Valve does a 180 on AI-made games on Steam

  • Steam will begin selling games that have AI-made assets in them after blocking these games in 2023.
  • Steam-owner Valve says that the primary concern for these games is that AI-generated content in them would cause copyright issues.
  • Developers will now have to disclose if their games contain AI-content if they want to sell them on Steam.

After several months of blocking games that include AI-generated content from being sold on its platform, Steam-owner Valve has now expanded its policy on AI, and will begin allowing developers who use AI tools to sell their games through the digital marketplace. But there are caveats.

“Back in June, we shared that while our goal continues to be shipping as many games as possible on Steam, we needed some time to learn about the fast-moving and legally murky space of AI technology, especially given Steam’s worldwide reach,” said Valve in a blog post on Tuesday explaining its new policy on the topic.

Valve said at that time that it was concerned about AI content being generated for in-game use, and that it could present a copyright issue for the vendor. Games that used AI content would be banned from being in the Steam Store.

The Steam marketplace is the premier location to buy and sell PC games on the internet, with thousands of developers looking to put their creations on the platform. Transactions for videogames on the Steam are worth several billions of dollars.

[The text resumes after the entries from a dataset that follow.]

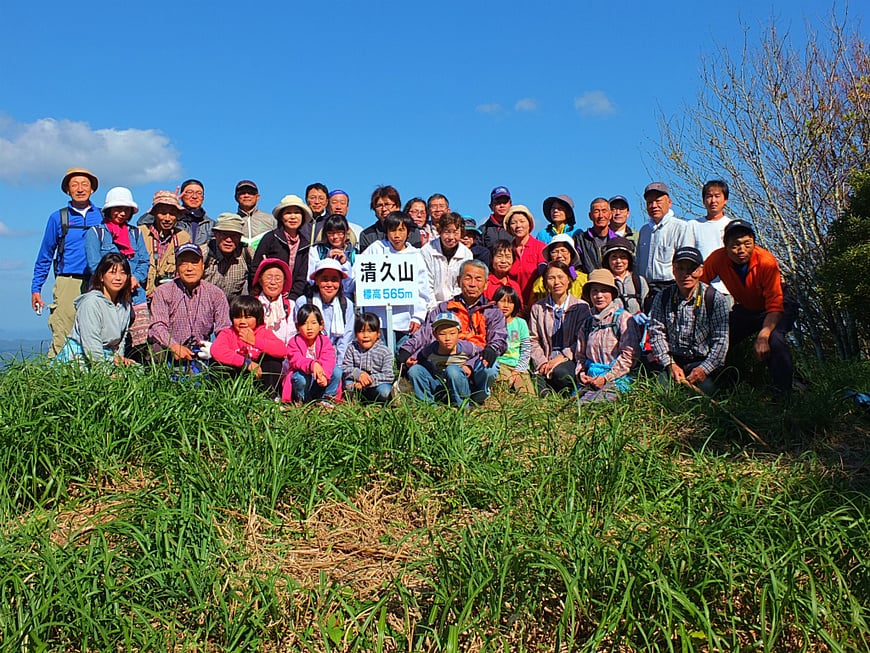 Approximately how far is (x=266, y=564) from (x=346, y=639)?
2.07 ft

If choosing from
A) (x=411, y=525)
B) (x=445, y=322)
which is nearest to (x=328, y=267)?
(x=445, y=322)

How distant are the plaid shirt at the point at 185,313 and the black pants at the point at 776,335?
4312 millimetres

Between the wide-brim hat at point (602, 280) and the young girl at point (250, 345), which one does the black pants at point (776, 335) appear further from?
the young girl at point (250, 345)

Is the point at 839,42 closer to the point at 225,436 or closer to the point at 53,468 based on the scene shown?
the point at 225,436

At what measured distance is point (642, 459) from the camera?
418 centimetres

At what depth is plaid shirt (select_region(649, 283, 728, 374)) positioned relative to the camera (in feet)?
20.2

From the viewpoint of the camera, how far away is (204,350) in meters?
6.14

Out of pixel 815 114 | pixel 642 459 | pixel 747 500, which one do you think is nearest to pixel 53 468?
pixel 642 459

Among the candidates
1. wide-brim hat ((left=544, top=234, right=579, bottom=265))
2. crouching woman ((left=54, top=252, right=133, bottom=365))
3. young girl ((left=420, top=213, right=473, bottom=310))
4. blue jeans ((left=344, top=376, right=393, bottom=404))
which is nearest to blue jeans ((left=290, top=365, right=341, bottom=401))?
blue jeans ((left=344, top=376, right=393, bottom=404))

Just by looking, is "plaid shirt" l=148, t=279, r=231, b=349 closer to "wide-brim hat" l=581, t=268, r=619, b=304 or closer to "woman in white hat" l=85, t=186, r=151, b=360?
"woman in white hat" l=85, t=186, r=151, b=360

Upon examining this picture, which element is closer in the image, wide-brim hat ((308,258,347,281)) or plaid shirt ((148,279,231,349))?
plaid shirt ((148,279,231,349))

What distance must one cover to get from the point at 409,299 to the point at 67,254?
124 inches

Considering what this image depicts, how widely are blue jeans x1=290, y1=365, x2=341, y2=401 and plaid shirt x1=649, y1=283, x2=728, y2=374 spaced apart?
2650 mm

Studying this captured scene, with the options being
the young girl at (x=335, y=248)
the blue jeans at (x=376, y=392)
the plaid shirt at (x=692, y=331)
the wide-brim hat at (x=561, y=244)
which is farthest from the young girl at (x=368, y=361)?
the plaid shirt at (x=692, y=331) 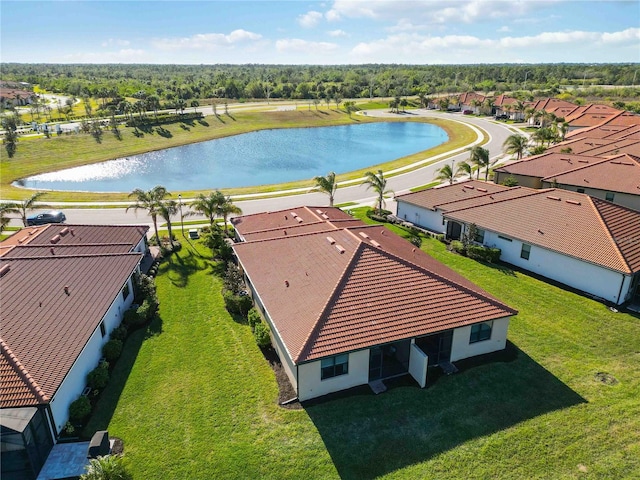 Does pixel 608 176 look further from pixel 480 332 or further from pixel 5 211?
pixel 5 211

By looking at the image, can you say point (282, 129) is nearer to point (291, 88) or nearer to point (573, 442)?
point (291, 88)

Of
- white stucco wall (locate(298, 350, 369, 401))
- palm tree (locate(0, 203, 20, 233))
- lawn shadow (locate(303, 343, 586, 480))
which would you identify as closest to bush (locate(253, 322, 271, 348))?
white stucco wall (locate(298, 350, 369, 401))

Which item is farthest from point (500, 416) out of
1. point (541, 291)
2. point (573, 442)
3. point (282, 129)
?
point (282, 129)

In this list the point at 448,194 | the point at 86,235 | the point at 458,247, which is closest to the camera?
the point at 86,235

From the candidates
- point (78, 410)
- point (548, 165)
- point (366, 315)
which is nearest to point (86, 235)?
point (78, 410)

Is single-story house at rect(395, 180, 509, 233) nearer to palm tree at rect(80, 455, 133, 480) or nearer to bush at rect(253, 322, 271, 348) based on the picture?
bush at rect(253, 322, 271, 348)

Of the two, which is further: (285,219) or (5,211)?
(5,211)

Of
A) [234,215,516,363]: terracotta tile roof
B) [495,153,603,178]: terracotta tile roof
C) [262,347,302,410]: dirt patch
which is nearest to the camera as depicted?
[262,347,302,410]: dirt patch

“While we strive to ship most titles submitted to us, we cannot ship games for which the developer does not have all of the necessary rights,” Valve told a game developer when they submitted their game to be sold on Steam in July 2023. The developer admits in a Reddit post that they had used AI tools to create a few assets for their game.

“After reviewing, we have identified intellectual property in [Game Name Here] which appears to belong to one or more third parties. In particular, [Game Name Here] contains art assets generated by artificial intelligence that appear to be relying on copyrighted material owned by third parties,” the Steam owner explained, blocking the game from entering the store.

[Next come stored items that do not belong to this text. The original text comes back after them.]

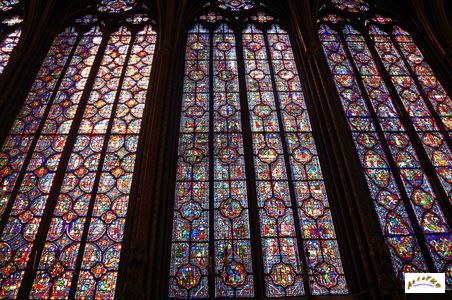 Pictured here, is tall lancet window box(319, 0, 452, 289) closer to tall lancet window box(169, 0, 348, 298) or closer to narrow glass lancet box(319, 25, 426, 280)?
narrow glass lancet box(319, 25, 426, 280)

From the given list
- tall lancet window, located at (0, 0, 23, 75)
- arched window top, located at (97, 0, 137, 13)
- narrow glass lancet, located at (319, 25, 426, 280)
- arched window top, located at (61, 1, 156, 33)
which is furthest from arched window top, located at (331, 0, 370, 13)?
tall lancet window, located at (0, 0, 23, 75)

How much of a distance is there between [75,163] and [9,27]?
543cm

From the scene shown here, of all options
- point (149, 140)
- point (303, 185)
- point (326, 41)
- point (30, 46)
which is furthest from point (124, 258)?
point (326, 41)

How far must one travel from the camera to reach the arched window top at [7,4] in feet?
41.1

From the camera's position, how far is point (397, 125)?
10.2 m

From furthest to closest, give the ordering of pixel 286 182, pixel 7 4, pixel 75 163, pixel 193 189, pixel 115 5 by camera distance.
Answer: pixel 115 5 < pixel 7 4 < pixel 75 163 < pixel 286 182 < pixel 193 189

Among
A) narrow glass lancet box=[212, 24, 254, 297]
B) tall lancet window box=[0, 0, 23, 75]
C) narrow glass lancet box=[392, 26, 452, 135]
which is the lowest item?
narrow glass lancet box=[212, 24, 254, 297]

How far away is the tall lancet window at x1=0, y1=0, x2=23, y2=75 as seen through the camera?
11470mm

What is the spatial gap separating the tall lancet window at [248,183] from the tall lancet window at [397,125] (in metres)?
1.19

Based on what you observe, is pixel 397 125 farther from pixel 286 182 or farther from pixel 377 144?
pixel 286 182

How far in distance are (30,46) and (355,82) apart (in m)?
8.22

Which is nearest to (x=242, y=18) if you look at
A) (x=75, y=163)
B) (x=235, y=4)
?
(x=235, y=4)

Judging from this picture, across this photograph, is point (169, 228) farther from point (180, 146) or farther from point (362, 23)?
point (362, 23)

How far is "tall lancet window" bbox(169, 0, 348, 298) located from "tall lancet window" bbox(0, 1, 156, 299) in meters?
1.25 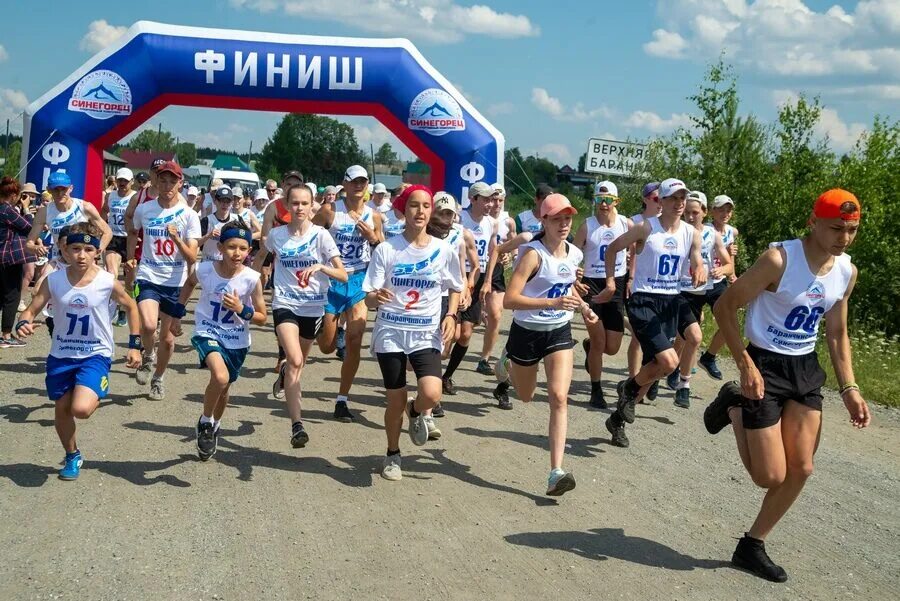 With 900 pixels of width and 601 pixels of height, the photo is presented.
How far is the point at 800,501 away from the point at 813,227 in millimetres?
2412

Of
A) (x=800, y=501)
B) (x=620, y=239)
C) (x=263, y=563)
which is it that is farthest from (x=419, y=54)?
(x=263, y=563)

However, more than half a year later Valve has seemingly had enough time to ponder the ramifications of AI tools being used in games, and has now introduced a new method to handle AI-content, which the company says will allow them to publish the “vast majority of games that use it” on Steam.

The Steam AI workaround

Valve now requires developers to disclose if they use AI-generated assets in their games. Developers will now need to describe if the AI content is either pre-generated or live-generated. The difference being that pre-generated content was made through AI software during development, while live-generated content is in-game assets that are being generated by AI while the game is running.

The company explains games that use pre-generated content will be allowed on Steam, while games that use live-generated content will have to go through a few more hoops. Developers using AI tools will have to promise Valve that they are not pulling from copyrighted content if they want their game to be sold.

“Under the Steam Distribution Agreement, [developers] promise Valve that [their] game will not include illegal or infringing content, and that [their] game will be consistent with [their] marketing materials. In our pre-release review, we will evaluate the output of AI generated content in [their] game the same way we evaluate all non-AI content – including a check that [their] game meets those promises,” the company details.

“In the Content Survey, you’ll need to tell us what kind of guardrails you’re putting on your AI to ensure it’s not generating illegal content,” it adds.

Additionally, Valve will now introduce a method for players to be able to report illegal or infringing AI-generated content while they are in-game using the Steam overlay function.

“Today’s changes are the result of us improving our understanding of the landscape and risks in this space, as well as talking to game developers using AI, and those building AI tools,” Valve adds.

“This will allow us to be much more open to releasing games using AI technology on Steam. The only exception to this will be Adult Only Sexual Content that is created with Live-Generated AI – we are unable to release that type of content right now.”

Is it okay to use AI assets in games?

The topic of AI-generated assets, such as art, sound, music, etc. for games is tricky. While digital artists online now have to compete with AI tools like StableDiffusion and Midjourney for work, these same tools allow smaller developers – such as one-person teams – to more easily and affordably develop titles.

Videogame development is a multi-disciplinary art form and AI tools allow devs who can programme but can’t draw the ability to include art assets in their games, for example, especially if they can’t afford to pay an artist.

The problem that Valve may run into with this new model of having developers disclose if there are any copyright risks with their content before allowing these games on Steam, is that there will often most certainly be.

On Tuesday, ChatGPT-creator OpenAI told a UK House of Lords committee that generative AI models require copyright-infringing content to be able to function properly. Image-generating platform StableDiffusion hinges its content generation on user-created “models” which are vast databases of images pulled from the internet, collected and labelled. Most models use entirely unoriginal content found online that belongs to others and taken without compensation.